When pressed for a date, Jay laughed. “She’s an interior designer,” he said. “Until it’s perfect, nobody’s coming in.”
Restored by Vicki and Doug Niolet and Ann Tidwell post-Katrina, the lower two levels have hosted arts, antiques and gift businesses since 2008. Yet, the building’s third floor remained uninhabitable for years until New Orleans developer/owner Jim McPhaille purchased the building and began work last year.
Artist Tami Curtis Guy first opened Tami Curtis Studio in the lower floors of Century Hall last year. Now the well-known Louisiana artist has expanded and added one of the new spaces upstairs as well, where she’ll be able to offer painting classes and group “paint parties.”
Transforming another one of the third floor spaces into a scene from a French living room is Holly McNaughton, owner of Holly House, which offers "imaginative home décor."
Century Hall manager, Susan Peterson, said in July, they’ll be joined on the third floor by Jane Evans Designs, an award-winning artist who works on canvas and in ceramics, focusing on religious and cultural iconography,” according to her website.
On the second floor, earlier this year the Century Hall gallery reorganized. Managed now by Susan Peterson, the sleek space features contemporary art by some of the region's top talent.

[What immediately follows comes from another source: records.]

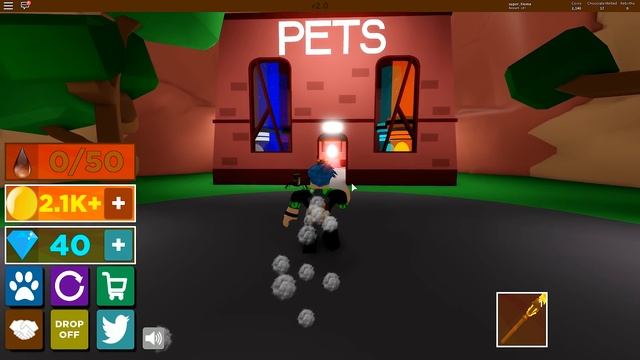 Роблокс НОВЫЙ СИМУЛЯТОР ШОКОЛАДНОЙ ФАБРИКИ! АТАС! ПИТОМЦЫ НЕВИДИМКИ! = ROBLOX по русски смотреть онлайн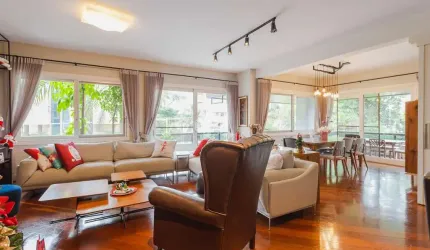 APARTAMEnto DE 190 M2 PRIVATIVOS NA NILO PECANHA COM 3 DORMITORIOS E 3 VAGAS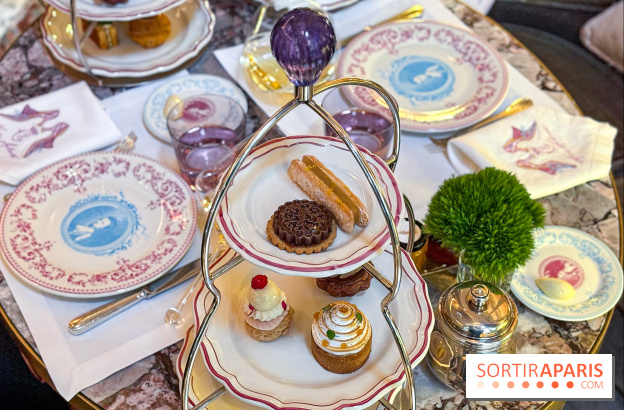 Tea Time Crillon - IMG 9436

Across from the gallery, a new home design store has settled in, Sassy Bird Interiors. Holly Harrison, a residential interior designer for more than 30 years in Baton Rouge, teamed up with Shannon Stage, also originally from Baton Rouge.
Stage and her husband owned a house on Sycamore Street pre-Katrina and built back in 2013. Now she spends as much time in the Bay as she can and likes to call it “home.”
Stage’s experience ranges from 17 years as owner of a wholesale giftware business to being executive director of a green-building non-profit. Both Stage and Harrison have a special interest in “creating inspiring spaces that are healthy.”
The two carry artwork, lighting and lamps, pieces for home entertaining, home accessories and furniture. The mix is “lots of fun new things with antiques mixed in.”
“We both believe that spaces should be beautiful to look at, but also healthy places for families to be, “ Stage said. “That means we pay attention to everything from rugs to upholsteries to make sure they’ve been made using environmentally sound practices.”
For instance, the pair sought out washable cotton cocktail napkins that can be reused. Durability is important too, as they want the things they sell "to be treasured for a long time.”
As for the name? Stage says she’s been called “Sassy” for years and Holly’s been known as “Birdy,” so Sassy Bird Interiors was born.